1. Arrangements to allow ineligible companies to market or exhibit in association with accredited education must not:
a. Influence any decisions related to the planning, delivery, and evaluation of the education.
b. Interfere with the presentation of the education.
c. Be a condition of the provision of financial or in-kind support from ineligible companies for the education.
2. The accredited provider must ensure that learners can easily distinguish between accredited education and other activities.
a. Live continuing education activities: Marketing, exhibits, and nonaccredited education developed by or with influence from an ineligible company or with planners or faculty with unmitigated financial relationships must not occur in the educational space within 30 minutes before or after an accredited education activity. Activities that are part of the event but are not accredited for continuing education must be clearly labeled and communicated as such.

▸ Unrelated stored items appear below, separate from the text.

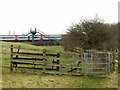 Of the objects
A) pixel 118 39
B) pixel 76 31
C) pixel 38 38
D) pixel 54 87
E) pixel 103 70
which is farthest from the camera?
pixel 38 38

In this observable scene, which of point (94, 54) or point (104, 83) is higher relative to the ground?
point (94, 54)

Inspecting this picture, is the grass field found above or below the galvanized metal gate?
below

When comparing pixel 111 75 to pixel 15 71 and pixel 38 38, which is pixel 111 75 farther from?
pixel 38 38

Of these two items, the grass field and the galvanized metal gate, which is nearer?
the grass field

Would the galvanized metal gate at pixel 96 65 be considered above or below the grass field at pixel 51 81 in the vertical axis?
above

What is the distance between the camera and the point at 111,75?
11867mm

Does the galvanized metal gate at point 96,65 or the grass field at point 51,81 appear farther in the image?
the galvanized metal gate at point 96,65

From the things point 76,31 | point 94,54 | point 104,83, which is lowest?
point 104,83

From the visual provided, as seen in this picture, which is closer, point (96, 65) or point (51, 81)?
point (51, 81)

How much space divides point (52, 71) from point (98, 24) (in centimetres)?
1515

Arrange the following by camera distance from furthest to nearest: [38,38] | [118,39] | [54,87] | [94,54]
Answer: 1. [38,38]
2. [118,39]
3. [94,54]
4. [54,87]

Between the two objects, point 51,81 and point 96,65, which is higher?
point 96,65

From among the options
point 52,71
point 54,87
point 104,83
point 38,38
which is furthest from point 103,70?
point 38,38

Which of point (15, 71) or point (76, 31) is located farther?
point (76, 31) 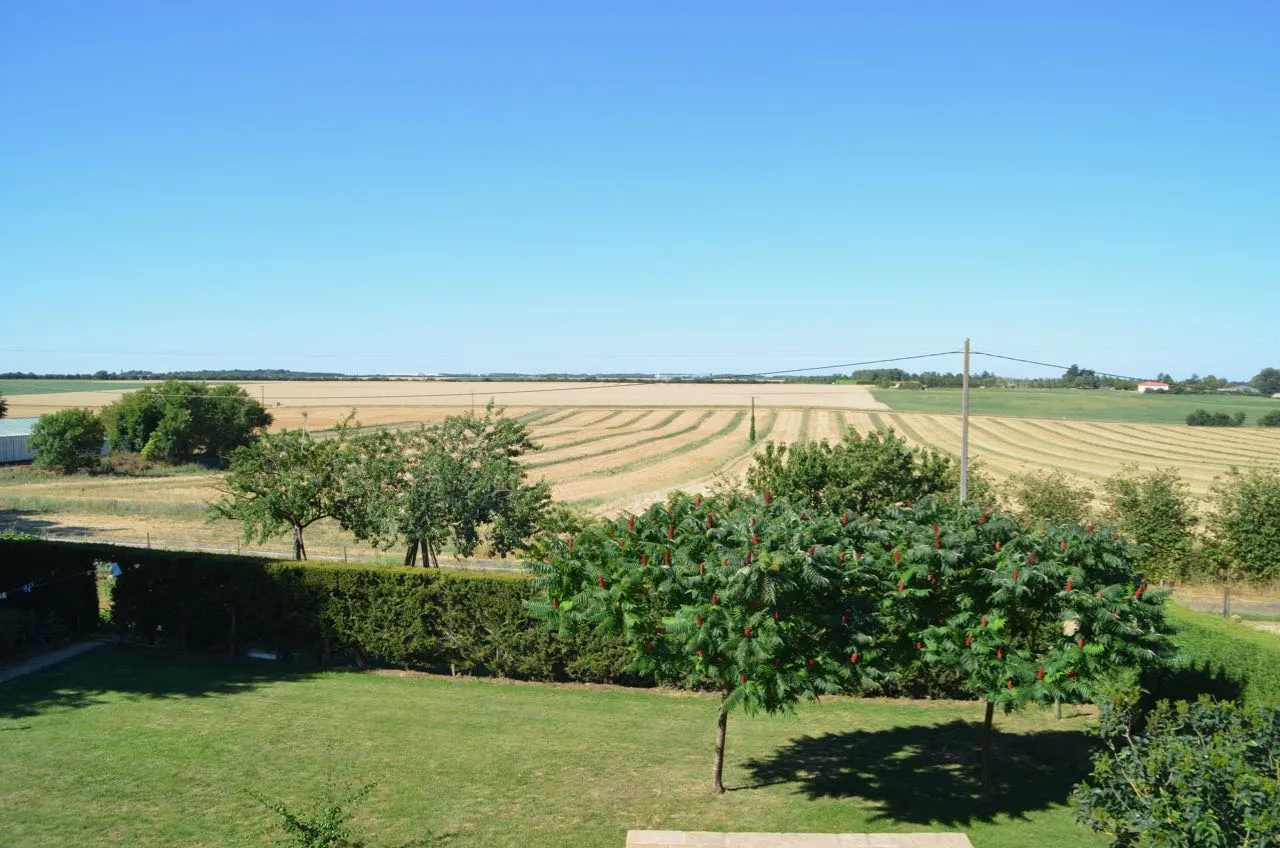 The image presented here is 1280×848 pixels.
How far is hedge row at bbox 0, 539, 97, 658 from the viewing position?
20.8 m

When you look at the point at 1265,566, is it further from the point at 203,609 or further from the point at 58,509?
the point at 58,509

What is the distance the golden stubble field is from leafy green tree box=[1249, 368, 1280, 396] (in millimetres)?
7915

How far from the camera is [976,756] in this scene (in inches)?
547

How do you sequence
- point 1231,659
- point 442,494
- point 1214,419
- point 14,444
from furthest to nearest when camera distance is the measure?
point 1214,419, point 14,444, point 442,494, point 1231,659

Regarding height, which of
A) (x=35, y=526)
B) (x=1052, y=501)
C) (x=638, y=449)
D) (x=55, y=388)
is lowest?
(x=35, y=526)

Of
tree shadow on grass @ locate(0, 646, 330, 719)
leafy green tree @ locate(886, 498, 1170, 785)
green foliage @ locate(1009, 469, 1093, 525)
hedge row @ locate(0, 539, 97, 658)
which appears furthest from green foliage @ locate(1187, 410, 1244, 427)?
hedge row @ locate(0, 539, 97, 658)

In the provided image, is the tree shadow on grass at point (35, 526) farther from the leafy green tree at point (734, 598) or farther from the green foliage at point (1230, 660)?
the green foliage at point (1230, 660)

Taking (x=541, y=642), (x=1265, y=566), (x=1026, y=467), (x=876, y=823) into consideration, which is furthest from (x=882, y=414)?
(x=876, y=823)

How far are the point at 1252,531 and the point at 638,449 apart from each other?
4324 centimetres

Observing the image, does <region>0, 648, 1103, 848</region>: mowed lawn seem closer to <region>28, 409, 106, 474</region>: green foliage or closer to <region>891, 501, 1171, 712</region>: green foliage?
<region>891, 501, 1171, 712</region>: green foliage

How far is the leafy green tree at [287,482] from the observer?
984 inches

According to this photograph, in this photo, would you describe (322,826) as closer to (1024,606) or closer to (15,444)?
(1024,606)

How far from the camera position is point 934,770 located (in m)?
13.3

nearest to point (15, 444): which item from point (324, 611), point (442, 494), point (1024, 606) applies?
point (442, 494) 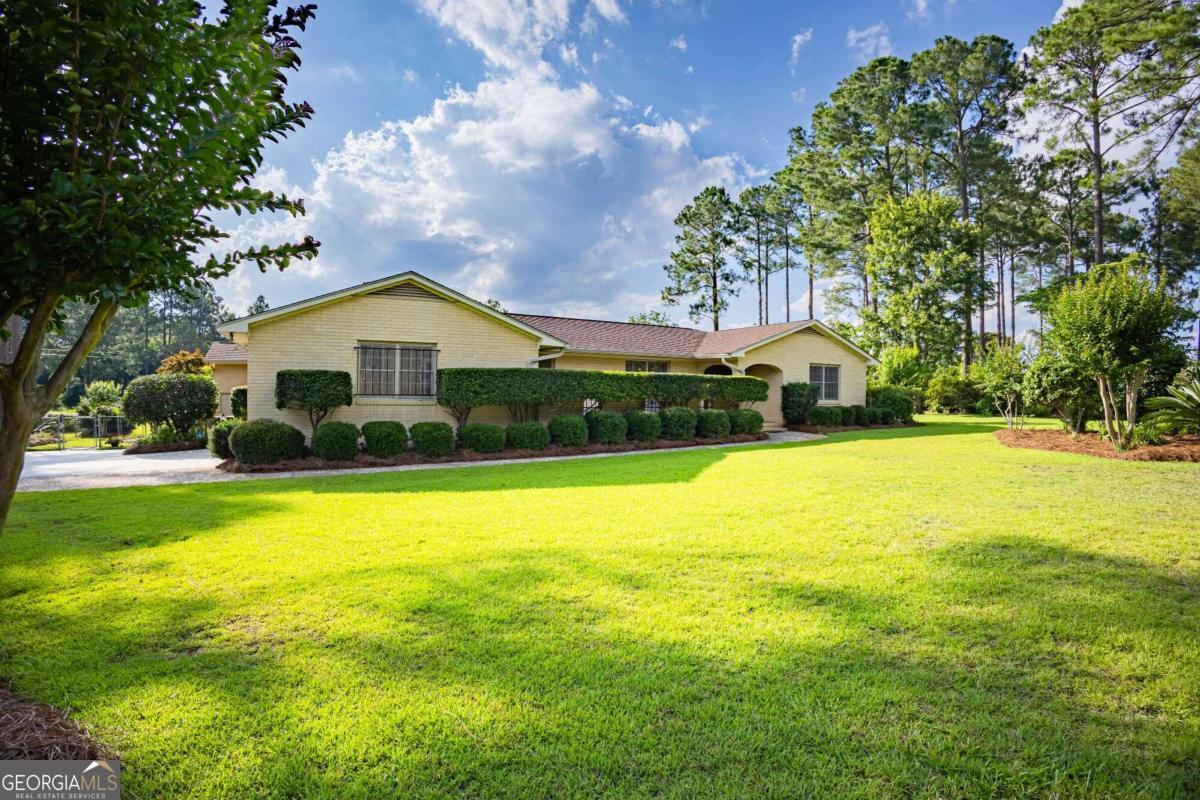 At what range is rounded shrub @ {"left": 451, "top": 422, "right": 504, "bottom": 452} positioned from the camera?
43.8 feet

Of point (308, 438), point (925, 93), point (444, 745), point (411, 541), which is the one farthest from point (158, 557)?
point (925, 93)

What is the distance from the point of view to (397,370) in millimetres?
14586

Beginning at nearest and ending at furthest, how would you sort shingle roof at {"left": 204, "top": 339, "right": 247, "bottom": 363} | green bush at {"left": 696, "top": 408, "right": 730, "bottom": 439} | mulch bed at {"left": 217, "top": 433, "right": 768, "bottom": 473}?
1. mulch bed at {"left": 217, "top": 433, "right": 768, "bottom": 473}
2. green bush at {"left": 696, "top": 408, "right": 730, "bottom": 439}
3. shingle roof at {"left": 204, "top": 339, "right": 247, "bottom": 363}

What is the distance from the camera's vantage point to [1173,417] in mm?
10539

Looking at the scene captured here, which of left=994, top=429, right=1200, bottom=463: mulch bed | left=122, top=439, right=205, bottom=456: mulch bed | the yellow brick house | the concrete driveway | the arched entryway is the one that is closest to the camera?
the concrete driveway

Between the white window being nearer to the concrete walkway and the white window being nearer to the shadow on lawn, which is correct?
the concrete walkway

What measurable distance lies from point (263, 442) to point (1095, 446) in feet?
59.4

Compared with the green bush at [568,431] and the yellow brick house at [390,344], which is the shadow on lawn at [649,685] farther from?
the yellow brick house at [390,344]

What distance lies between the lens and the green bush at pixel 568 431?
14.4m

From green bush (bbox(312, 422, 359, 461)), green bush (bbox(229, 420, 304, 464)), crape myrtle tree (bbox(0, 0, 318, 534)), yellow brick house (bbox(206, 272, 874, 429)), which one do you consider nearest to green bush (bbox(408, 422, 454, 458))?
green bush (bbox(312, 422, 359, 461))

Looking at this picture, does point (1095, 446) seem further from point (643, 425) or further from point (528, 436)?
point (528, 436)

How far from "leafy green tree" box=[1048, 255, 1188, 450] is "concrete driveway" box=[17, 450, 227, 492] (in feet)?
58.5

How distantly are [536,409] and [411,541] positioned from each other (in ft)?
35.4

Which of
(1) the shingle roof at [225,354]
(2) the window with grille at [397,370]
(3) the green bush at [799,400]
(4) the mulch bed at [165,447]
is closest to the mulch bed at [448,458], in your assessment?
(2) the window with grille at [397,370]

b. Print, online, or digital continuing education activities: Learners must not be presented with marketing while engaged in the accredited education activity. Learners must be able to engage with the accredited education without having to click through, watch, listen to, or be presented with product promotion or product-specific advertisement.
c. Educational materials that are part of accredited education (such as slides, abstracts, handouts, evaluation mechanisms, or disclosure information) must not contain any marketing produced by or for an ineligible company, including corporate or product logos, trade names, or product group messages.
d. Information distributed about accredited education that does not include educational content, such as schedules and logistical information, may include marketing by or for an ineligible company.
3. Ineligible companies may not provide access to, or distribute, accredited education to learners.